Budget 2012 - what it means for landlords

Today’s Budget announcement has important practical implications for landlords.

With the British economy in dangerous straits, the government was under pressure to deliver a programme for growth - but many will be unhappy with the outcome.

So what does the Budget mean for you?

Forecasts

• The Office for Budget Responsibility (OBR) expects the British economy to avoid recession.
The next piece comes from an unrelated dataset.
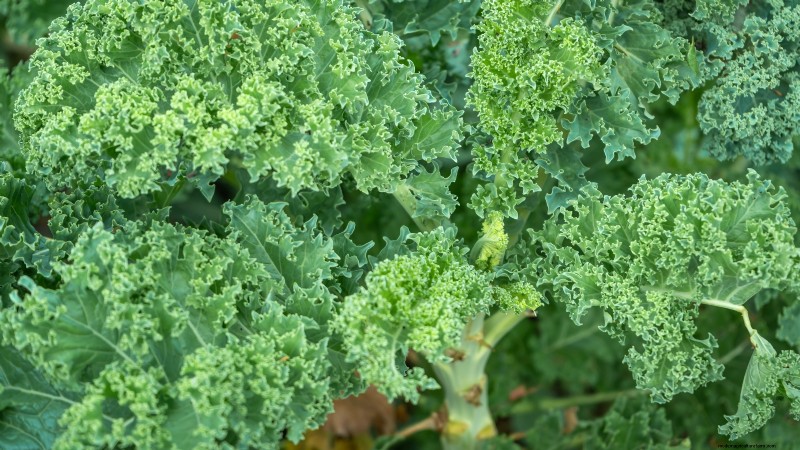 Das beste Gemüse zum Pflanzen im September für eine Herbsternte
It now expects growth of 0.8 per cent during 2012, 2 per cent in 2013, and 2.7 per cent in 2014, and 3 per cent in 2015 and 2016.
• The OBR expects inflation to fall to 1.9 per cent in 2013.
• The OBR expects the eurozone to contract by 0.3 per cent in the next two years.

Personal tax

• The income tax threshold will rise to £9,205 from April 2013. The threshold is already scheduled to rise to £8,105 from next month.
• The top rate of income tax will be cut to 45 pence from 50 pence, from April next year.
• Taxpayers will receive a personal tax statement.
• There will be a new cap on income tax relief for those claiming more than £50,000 in reliefs.

Business tax

• The headline rate of corporation tax will fall to 24 per cent from April, and then to 22 per cent from 2014.
• The smallest firms will get a simplified tax reporting system, in line with an EU directive.

Landlord-specific

• The Get Britain Building fund will be expanded.
• A new Stamp Duty Land Tax of 7 per cent will be charged on properties over £2 million.
• A further Stamp Duty Land Tax of 15 per cent will be charged on properties over £2 million and held in “corporate envelopes”.